What we are doing here is, we are taking the betweenness centrality and returning the top 10 nodes (Person Nodes) whom should be tested first.

CALL gds.alpha.betweenness.stream({
	nodeProjection: 'Person',
	  relationshipProjection: {
	    INTERACTS_WITH: {
	      type: 'INTERACTS_WITH',
	      properties: 'cost',
	      orientation: 'UNDIRECTED'
	    }
	  }
	})
YIELD nodeId, centrality
match(p: Person) where id(p) = nodeId and p.infected='FALSE' return p.ssn as ssn,p.name as name,p.address as address,centrality order by centrality desc LIMIT 10

The above query will return the information for the first 10 people, whom we should test first.

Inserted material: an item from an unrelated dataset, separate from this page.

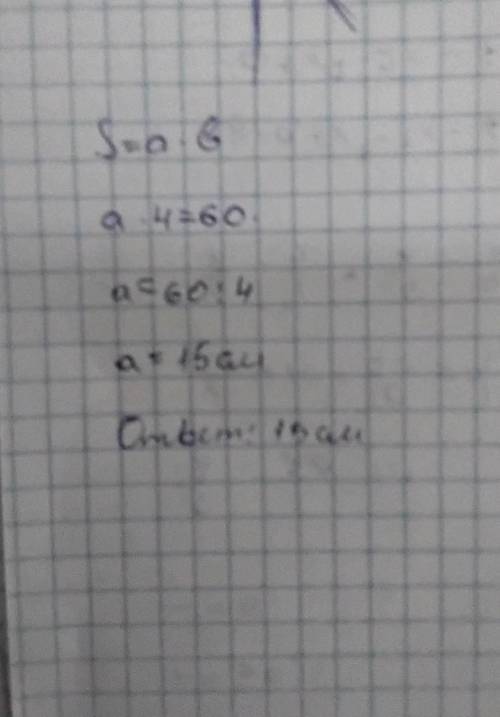 Площадь прямоугольника равна 60 см , а ширина рапка 4 см. Найди длину стороны прямоугольника.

Using shortest path, we have also calculated which person to stay away from :

MATCH(start:Person{ssn:"KOAHM4127V"}), (end:Person{infected:"TRUE"})
CALL gds.alpha.shortestPath.stream({
  nodeProjection: 'Person',
  relationshipProjection: {
    INTERACTS_WITH: {
      type: 'INTERACTS_WITH',
      properties: 'cost',
      orientation: 'UNDIRECTED'
    }
  },
  startNode: start,
  endNode: end,
  relationshipWeightProperty: 'cost'
})
YIELD nodeId, cost
MATCH(other: Person) WHERE id(other) = nodeId and other.infected = 'TRUE' RETURN distinct other.name AS name, other.address as address,cost order by cost asc limit 5

And, we can get the hostpots of a city :

MATCH(l:Location), (p:Person{infected:"TRUE"})
RETURN l.name AS name, SIZE((p)-[:VISITS]->(l)) AS size order by size desc limit 10

Conclusion

We were able to manipulate the network of people and the locations in order to find the :

  1. Most vulnerable people (whom to test) (sorted in order of Betweenness Centrality) - Effective Testing Strategy can be achieved using our application as it will result us with the list of Individuals along with their address which are the prime suspect and potential carriers for Communal Spread.
  2. Most vulnerable locations (as a heatmap) - Corona Heatmap showing all the Most Infected Locations based on our Graph Data plotted on google maps which should be Sealed immediately, and our application users can ignore these Hotspot.
  3. Whom to stay away from (calculated on basis of Dijkstras Shortest Path) (sorted in that order) - Provide List of Infected Patients nearby based on the location of logged in user.